En réponse Fidel s’est dit serein pour la visite pontificale : « Cuba n’est pas la Pologne, n’ayant ni exécuté, ni torturé les religieux qui pourtant étaient liés au colonisateur. Il a rappelé, comme toujours, ses études chez « les Bons Pères » et être conquis par l’œcuménisme de Vatican II. De ce fait, il n’avait pas d’appréhension de la visite pontificale et avait tenu tête aux critiques de certains militants. Quant à l’adhésion de Cuba à « Lomé V », il n’avait rien contre mais manifestait une grande ignorance et repoussait l’idée après la visite du Pape, sa préoccupation du moment.

Le temps s’écoulait, les convives se levèrent et se retrouvèrent dans l’entrée du Palais Présidentiel où après moult « abrazo » pour les hommes et embrassades pour les dames, tous furent soumis à la photo officielle sur le perron.

Départ après le diner, de gauche à droite : Michel Dubois, Mme Roe d’Albert, son mari M.Roe d’Albert, ambassadeur, Mme Dubois, Fidel Castro, Ilana Schimmel, Michel Rocard.

Toutefois le dîner eut des prolongements dès le 24 Décembre 1997. À 16 h, nous nous retrouvions, Rocard et moi, dans le bureau de Carlos Lage, pour une heure d’entretien sur des questions économiques et l’évolution du Vietnam vers l’économie de marché.
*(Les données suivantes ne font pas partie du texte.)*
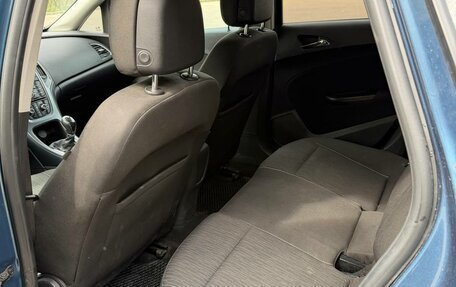 Opel Astra J, 2013 год, 820 000 рублей, 13 фотография
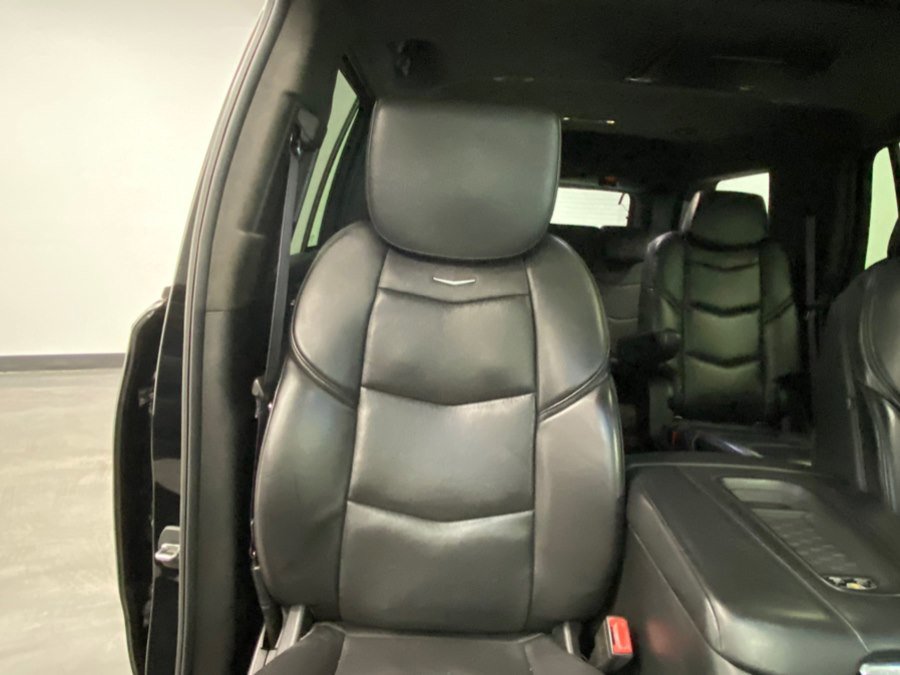 Used 2017 Cadillac Escalade Platinum AWD/4WD image 25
Puis, sur un appel téléphonique, nous fûmes projetés rapidement à travers des couloirs dans le bureau de Fidel Castro qui soumit Rocard à un jeu de questions-réponses d’ordre religieux, théologique et historique, liées à la visite du Pape prévue pour les jours suivants. Cette réunion impromptue nous a fait penser à la préparation des grands débats télévisés d’avant campagne électorale mais aussi constater la formidable culture et connaissance des problèmes du monde de Fidel Castro.